Thinking of the holy instants you’ve experienced—what you might call your greatest spiritual moments—write down the words that apply to those moments on the right-hand picture, the oval one.

Once, you’re done, take about 60 seconds, and simply look at both pictures. Ignore the frame on the left. Just look at the pictures. Look back and forth rapidly in order to compare them with each other.

Finally, write down a sentence that captures your thoughts, feelings, and observations during this comparison process.

Principles of Miracle-Minded Relationship

We need to gradually learn to approach relationships from a whole other mind-set. This mind-set is what will transform the relationship from the picture of death into an experience of the holy instant. The following principles are inspired by the Course and by my own experience.

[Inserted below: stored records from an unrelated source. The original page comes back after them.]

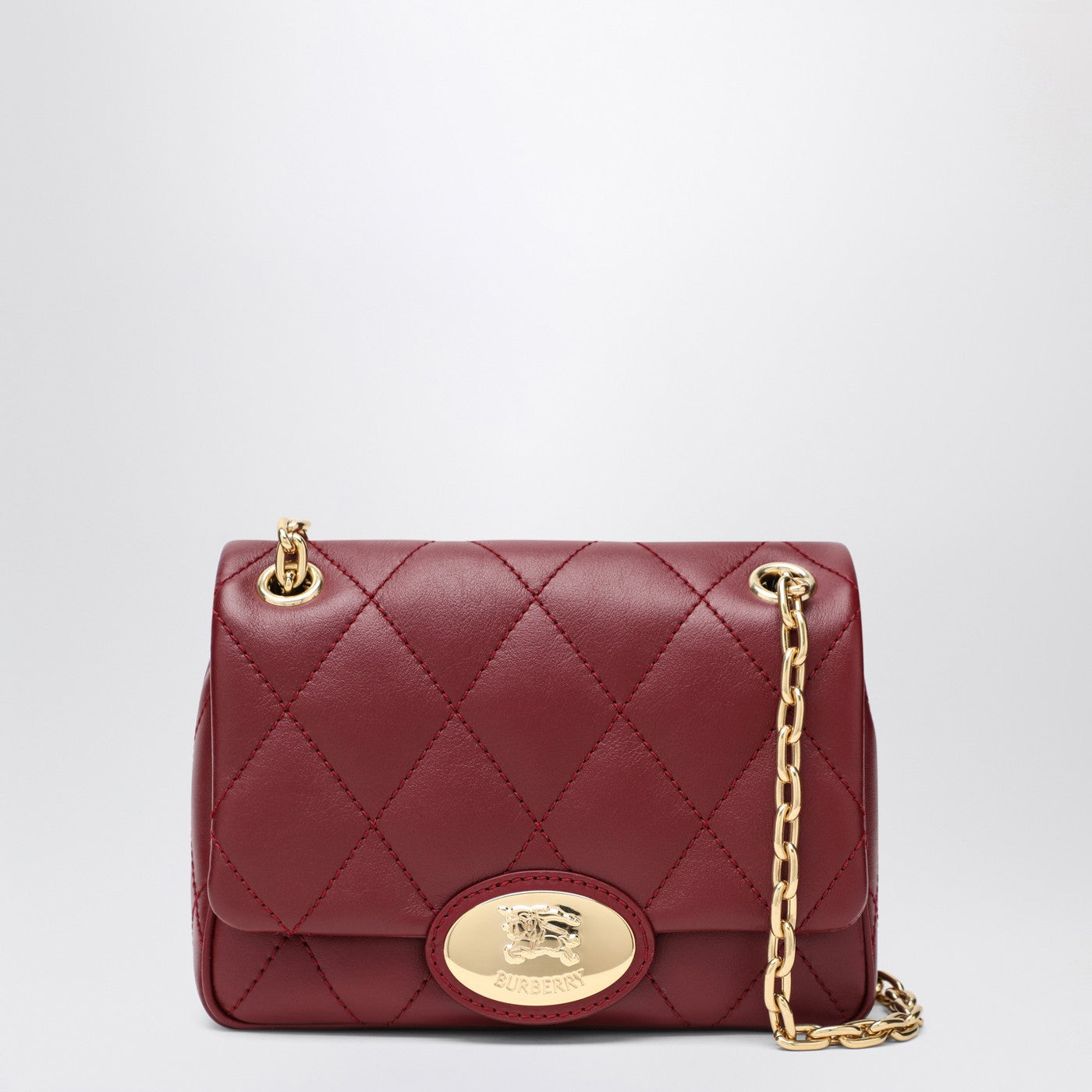 Burberry Strand medium bag burgundy | TheDoubleF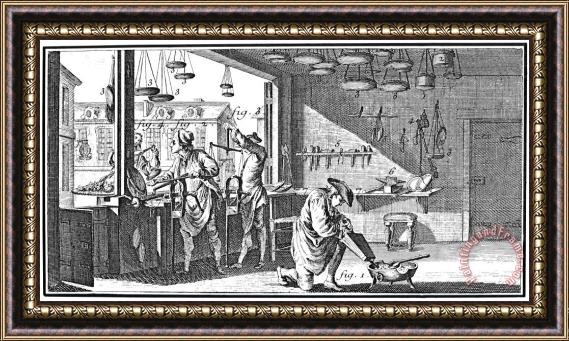 Others METALWORKER, 18th CENTURY Framed Painting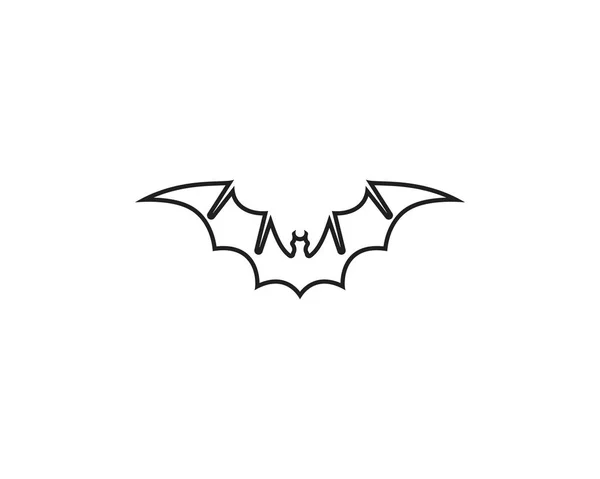 Logotipo Morcego Modelo Símbolo — Vetor de Stock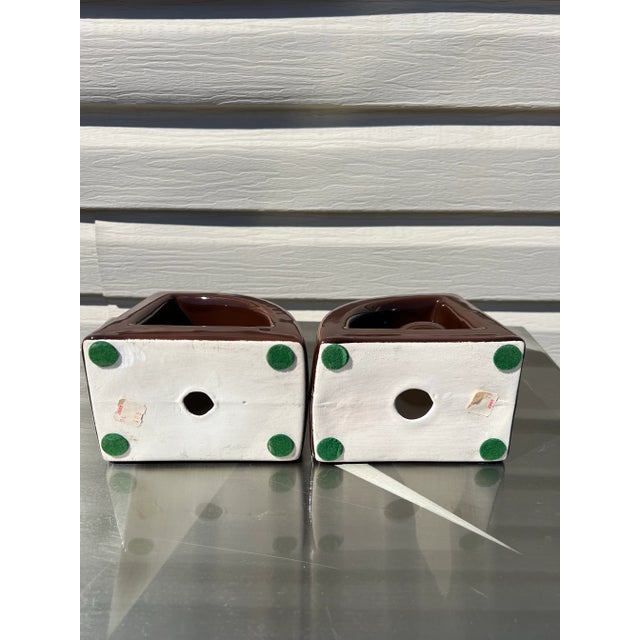Royal Haeger 1980 Haeger Ceramic Brown Bookends - a Pair For Sale - Image 4 of 5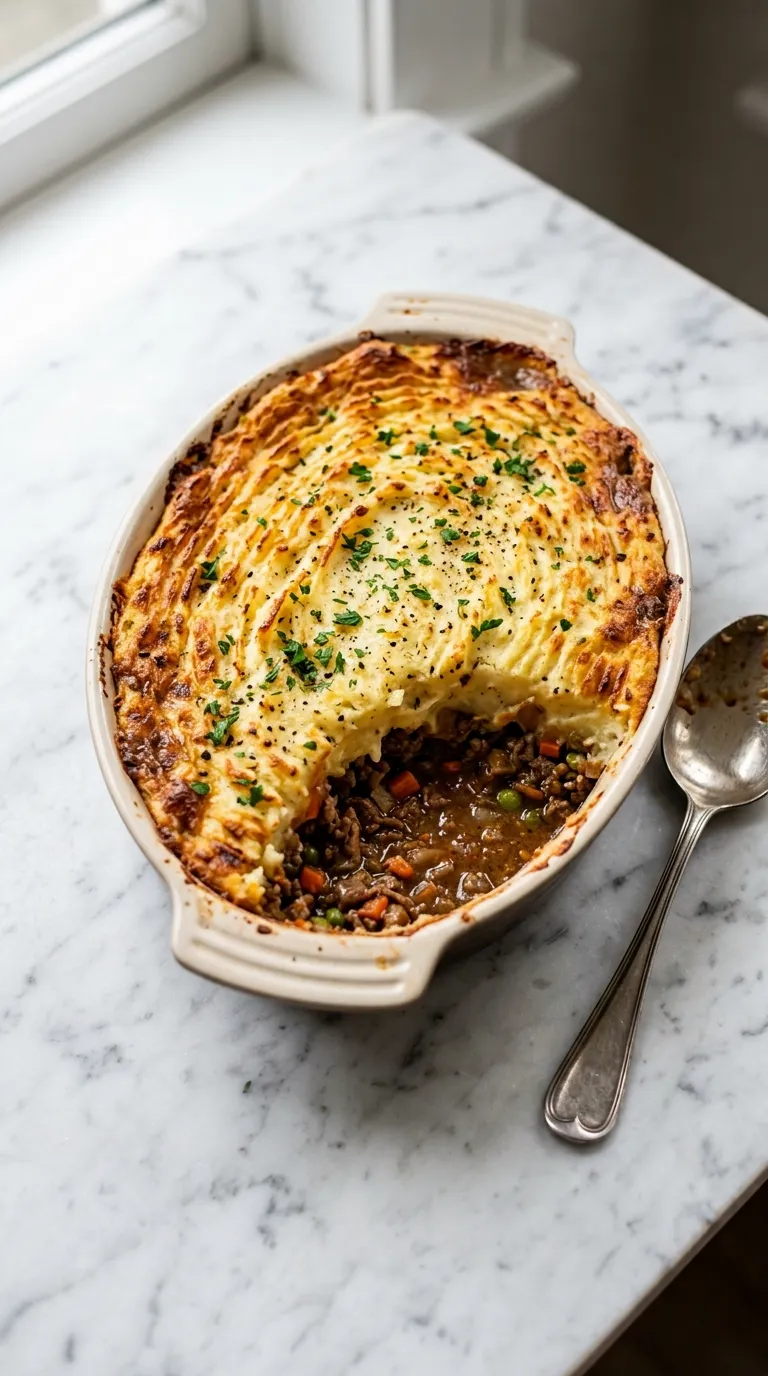 Classic Cottage Pie for a Cozy Meal served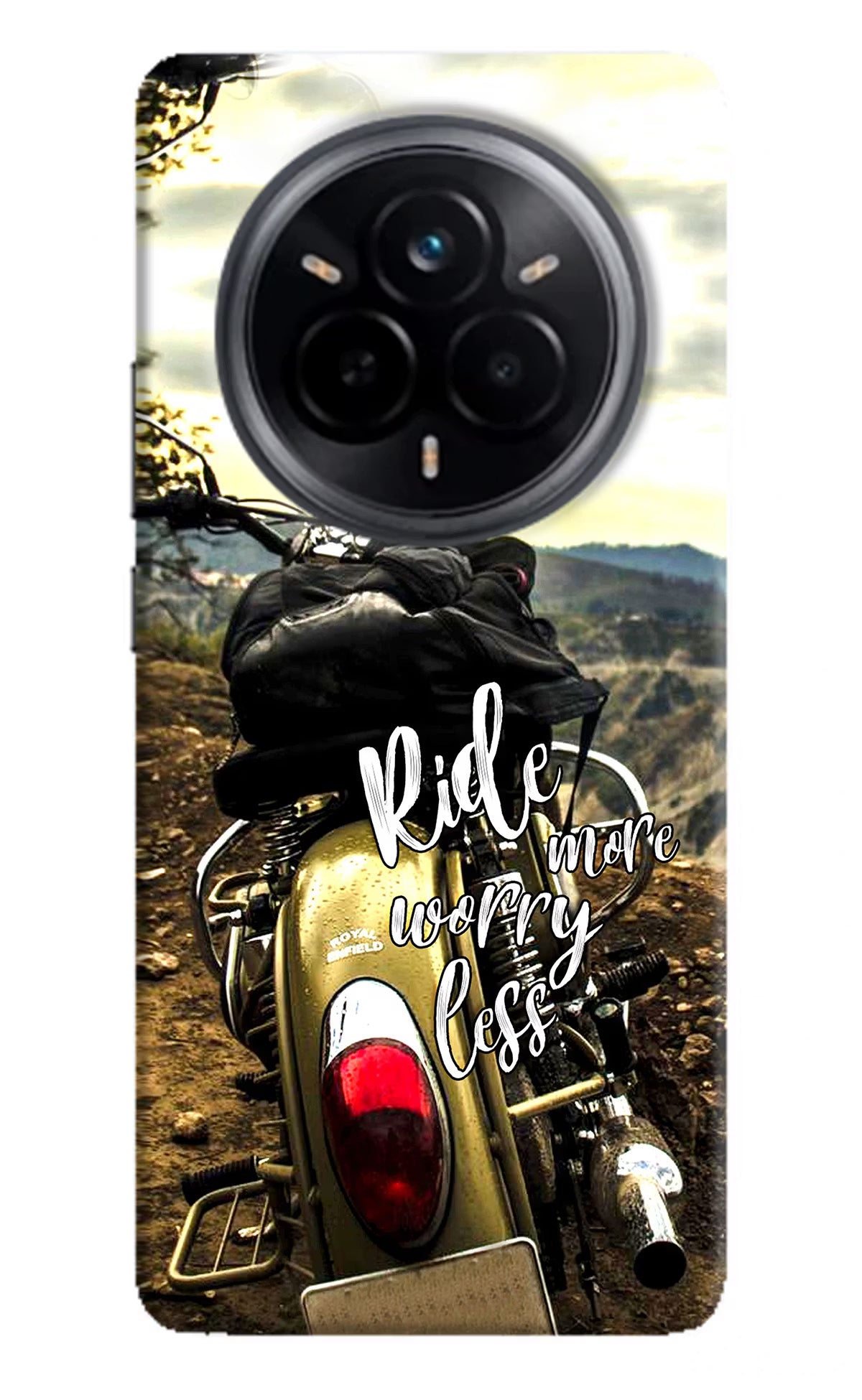 Ride More Worry Less Realme 14 Pro 5G Hard Case Back Cover by Casekaro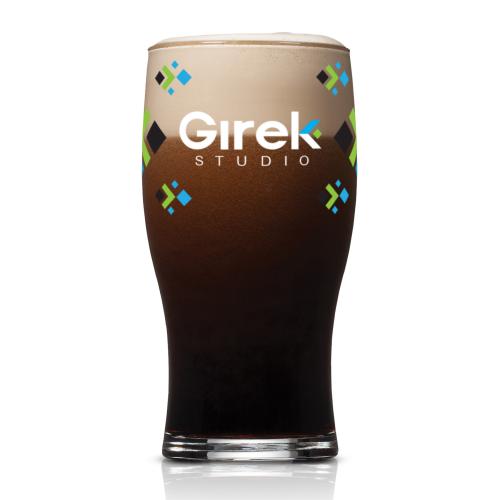 Corporate Gifts - Barware - Pilsners & Steins - Elmhurst Beer Glass - Full Color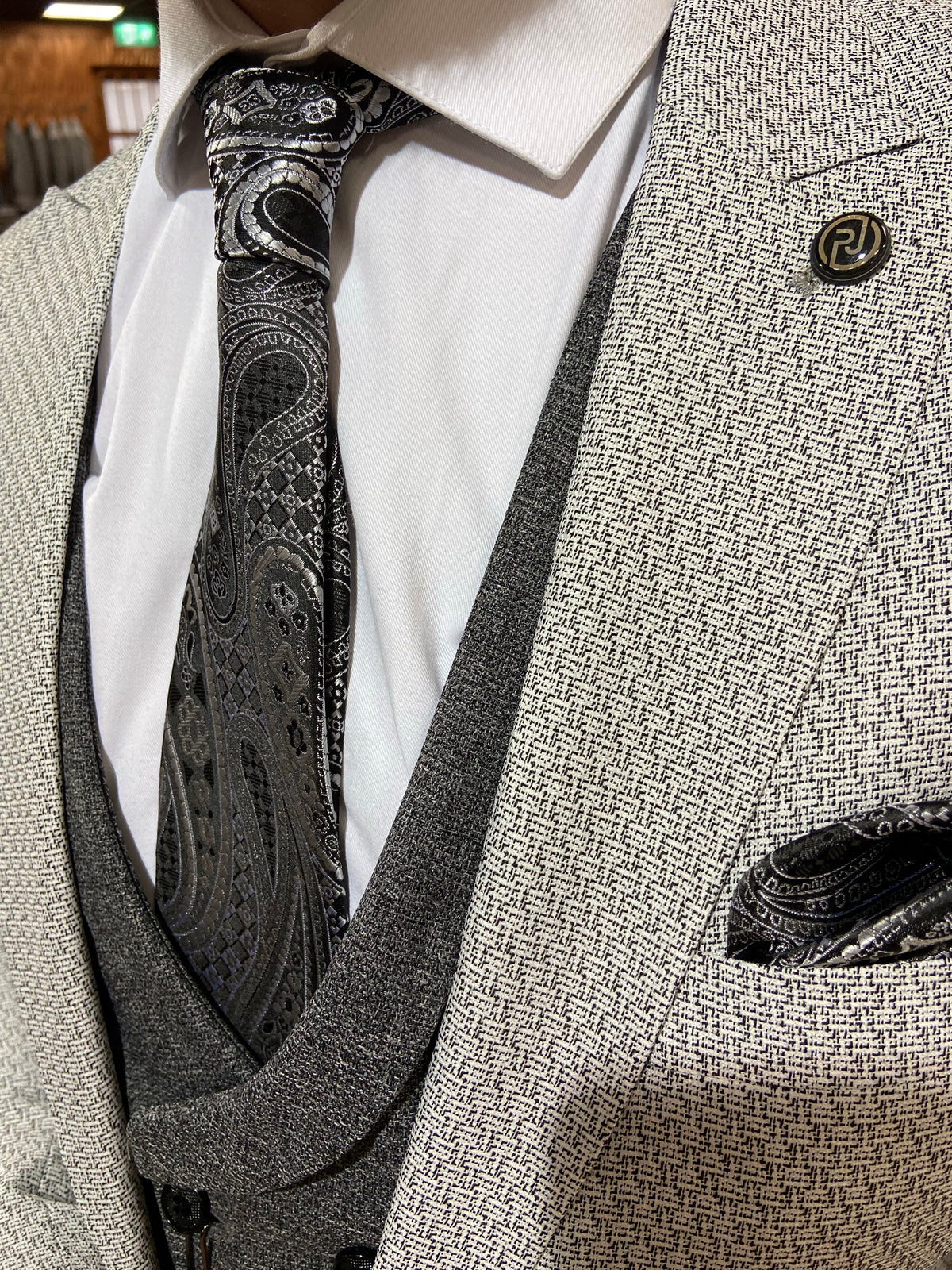McCrory - Grey 3 Piece Suit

  • I am with this person not because he or she flips all my switches, but because the Holy Spirit wants this person in my life, because this is His chosen learning partner for me.
  • I am with this person not because we happen to serve each other’s interests so well, but because ideally we share a common purpose that transcends our separate interests.
  • I am with this person not to bask in his or her special magic, but to learn how to love the holy light in everyone, to learn to love the sameness in everyone. Thus, there doesn’t need to be anything special or extraordinary about this person.
  • However, because I cannot yet love the light in everyone, the Holy Spirit will send me someone who, to some extent, fits my personality and life circumstances (e.g., He will not pair me with a 7-foot Siberian yak herder).
  • I am with this person to learn how to forgive; therefore, an important part of his or her role is to exercise my forgiveness muscle—to make mistakes.
  • However, the Holy Spirit knows that I learn best under certain conditions, and so will not ask me to be with someone who sends me over the edge. Some people are best forgiven from a distance.
  • I am in this relationship to learn that my ego is not the center of the universe. I do so by withdrawing from this person the role I hired him/her to play.
  • I am with this person to learn that other people are not objects, to learn that only by giving to them do I truly receive. I do so by learning how to serve this person, how to serve both his/her real needs and foolish ones.
  • I am with this person not to make my ego feel really special, but to learn how to transcend my ego and truly join, and to thus discover that I am more than an ego.
  • If I am in relationship to learn how to love and forgive, I can trust that the Holy Spirit will send me people who will teach me that I am lovable and that I am forgiven.
  • If I am in relationship to learn how to join, I can trust the Holy Spirit will make sure there are people in my life who will truly join with me in a common goal.
  • I am in this relationship to grow up, to slowly shed my childish ego and emerge into the adulthood of my original Self.
  • I am in this relationship to change my own mind. I see challenges in the relationship as opportunities to seek the healing of my own perception, not as opportunities to mold my partner to my expectations. I therefore do lots of Workbook practice in this relationship.
  • Since we have been brought together to learn, if we get truly stuck and stop learning, the Holy Spirit will arrange for us to part (and then, at some later time, come back together and fulfill our calling of establishing a holy relationship together).

Exercise

Write a prayer to God, stating your desire to apply these principles (or some of them, or one in particular) to a certain relationship.

Ask the Holy Spirit: What is the one thing I can do right now to approach this relationship in the way I truly want, in keeping with the principles I believe in?